# Android 4.3 (NOROOT) Daten wiederherstellen



## Aresander (10. Juni 2014)

Hallo zusammen, 

ich bräuchte wirklich dringend eure Hilfe, da ich aus versehen einige Daten von meinem 
Android Tablet gelöscht habe, die für mich sehr wichtig sind.

Kennt irgendwer von euch einen Trick, diese Daten wieder herzustellen? Problem ist, 
dass das Gerät nicht gerootet ist und so die Verwendung von ADB nicht funzt.
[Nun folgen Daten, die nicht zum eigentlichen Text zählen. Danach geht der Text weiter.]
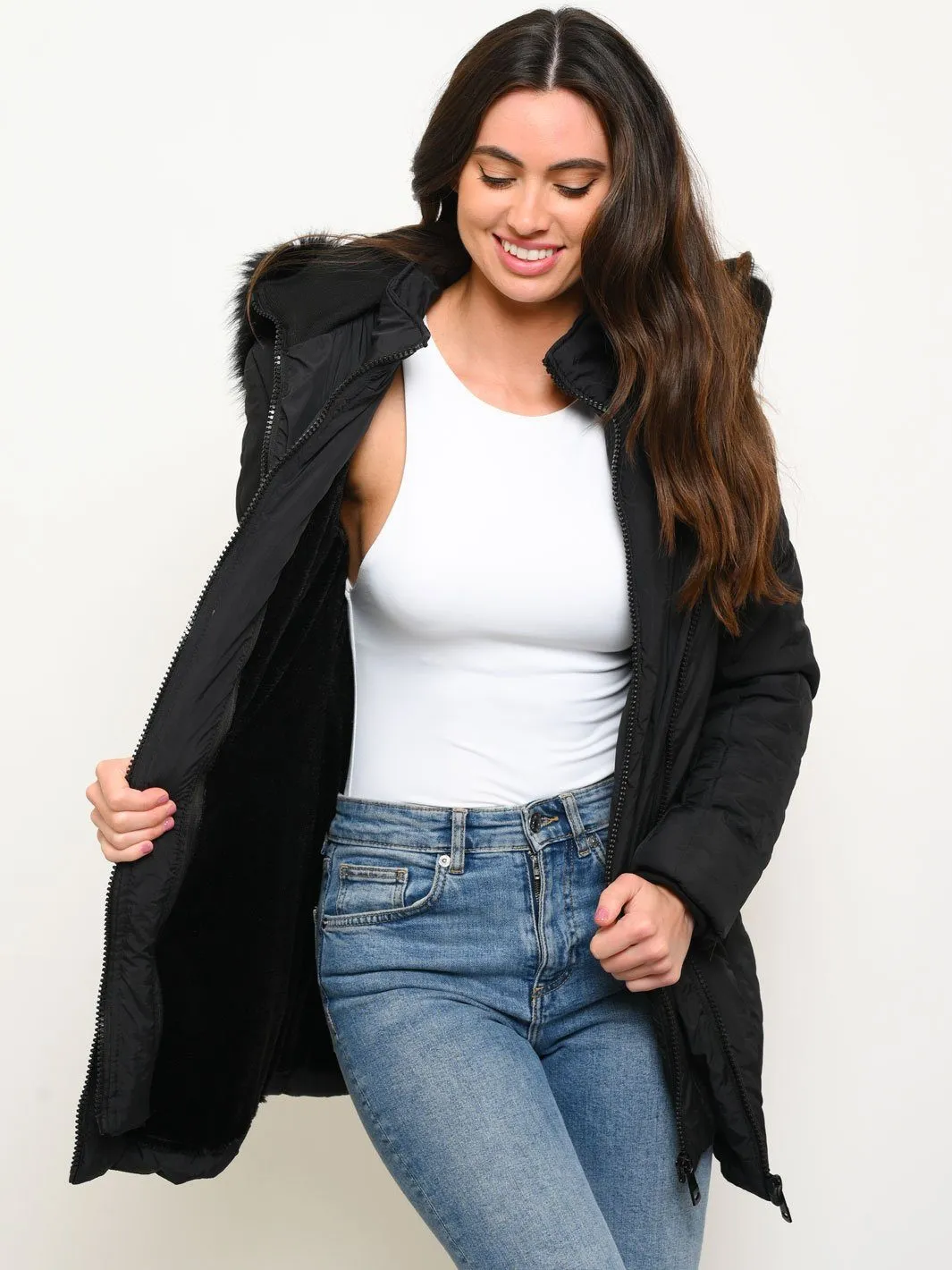 WOMEN'S MID-LENGTH HOODED FAUX FUR-LINED QUILTED COAT
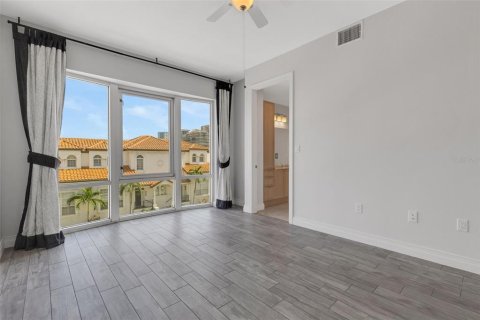 Townhouse in Sarasota, Florida 2 bedrooms, 212.75 sq.m. № 2220544 - photo 19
Google verweist immer wieder nur auf eine Methode mit gerootetem Gerät, aber um zu 
rooten muss ich das Tablet platt machen und ich habe Angst, dass dann entgültig alle 
Daten hin sind...

Kennt hier irgendwer noch einen Trick oder eine Möglichkeit, noch einmal an die Daten heran zu kommen ?

Gruß
Aresander


----------



## DKK007 (10. Juni 2014)

Kannst du das Gerät über USB an den PC anschließen und darüber auf die Daten zugreifen? Vielleicht funktionieren dann auch die gängigen Datenrettungsprogramme.


----------



## Aresander (10. Juni 2014)

Ja, aber nein Ontrack, Recuva und Co erkennen die Geräte nicht...


----------



## K3n$! (14. Juni 2014)

Bist du sicher, dass du dein Gerät zurücksetzen musst, um das Ding zu rooten?


----------



## RubySoho (14. Juni 2014)

Sind die Daten auf dem internen Speicher oder auf der SD?
Ja ich weiß,blöde Frage,aber nur um sicher zu gehen....


----------



## Aresander (15. Juni 2014)

Ja, wenn der Bootloader geunlocked wird, wird das gesamte Gerät gewiped (zumindest bei diesem Modell)

Interner Speicher


Habe es jetzt an einen Datenrettungsdienst gegeben, mal sehen ob die noch was retten können...


----------



## D00msday (15. Juni 2014)

Ich habe das hier gefunden:
Recover Deleted Files On Your Android | Squid Tooth


----------